2
votes

Is it possible to have a spark-streaming job setup to keep track of an HBase table and read new/updated rows every batch? The blog here says that HDFS files come under supported sources. But they seem to be using the following static API :

sc.newAPIHadoopRDD(..)

I can't find any documentation around this. Is it possible to stream from hbase using spark streaming context? Any help is appreciated.

Thanks!

1

1 Answers

1
votes

The link provided does the following

  1. Read the streaming data - convert it into HBase put and then add to HBase table. Until this, its streaming. Which means your ingestion process is streaming.

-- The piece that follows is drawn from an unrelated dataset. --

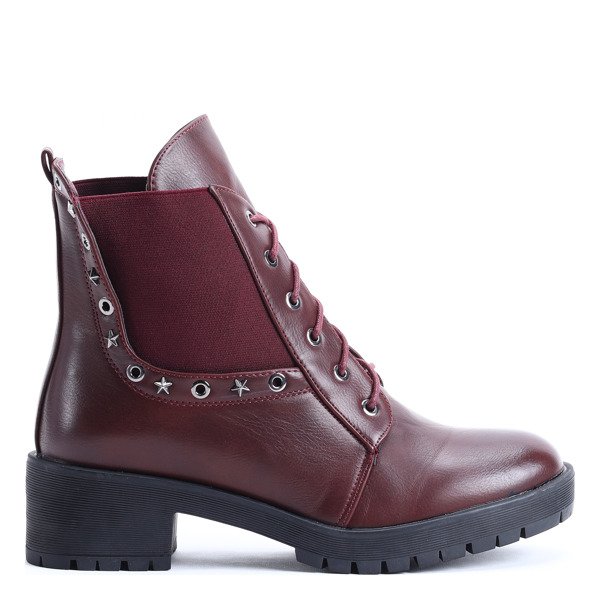 Bordowe workery Ember- Obuwie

  2. The stats calculation part, I think is batch - this uses newAPIHadoopRDD. This method will treat the data reading part as files. In this case, the files are from Hbase - thats the reason for the following input formats

val hBaseRDD = sc.newAPIHadoopRDD(conf, classOf[TableInputFormat], classOf[org.apache.hadoop.hbase.io.ImmutableBytesWritable], classOf[org.apache.hadoop.hbase.client.Result])

If you want to read the updates in a HBase as streaming, then you should have a handle of WAL(write ahead logs) of HBase at the back end, and then perform your operations. HBase-indexer is a good place to start to read any updates in HBase.

I have used hbase-indexer to read hbase updates at the back end and direct them to solr as they arrive. Hope this helps.